Dabei erzählt "Rot" nicht nur eine actiongeladene und temporeiche Geschichte mit viel optischer Brillanz, sondern streift und vertieft auch relevante Themen. In bester Manier ist er dabei feministisch, weise und sogar kritisch und setzt sich mit der Eigenständigkeit eines weiblichen Individuums und den typischen oder auch untypischen Konflikten eines Mädchens beim Eintritt ins Jugendalter ziemlich originell auseinander. Dabei kommen auch die schrillen Nebenfiguren nicht zu kurz, von denen es hier einen ganzen Haufen gibt und wo sich jeder seinen eigenen Favoriten herauspicken kann. Für mich hat dabei weder die durchgeknallte Truppe aus Meilins Freundinnen noch ihre völlig losgelöste Mutter die meisten Lacher geerntet, obwohl sie alle für sich absolut großartige Figuren sind. Noch besser, weil nuancierter und sympathischer stiehlt sich nämlich der Vater der Protagonistin aus der Affäre, der als ständig essender und eigentlich auf Ruhe und Frieden pochender Mann der Familie einige Szenen von purstem Comedy-Gold ausfüllt und im brillanten Finale einen der besten Gags überhaupt abliefert.

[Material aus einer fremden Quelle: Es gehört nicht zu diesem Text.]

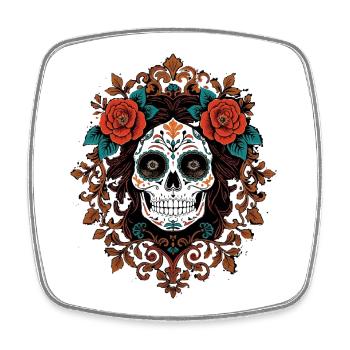 Floral Sugar Skull Verzierte Illustration - Viereckiger Kühlschrankmagnet - Weiß - Vorne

Fazit: "Rot" ist ein energetisch schier aufgeladener Comedy-Animationsfilm, der seine schrägen Ideen mit der vollen Breitseite abliefert. Technisch mehr als überzeugend und voller herrlicher Gags vergisst er dabei aber auch nicht das Herz und eine gar nicht so einseitige Geschichte, die über 100 Minuten das Zwerchfell anstrengt, aber auch nachdenklich stimmen kann.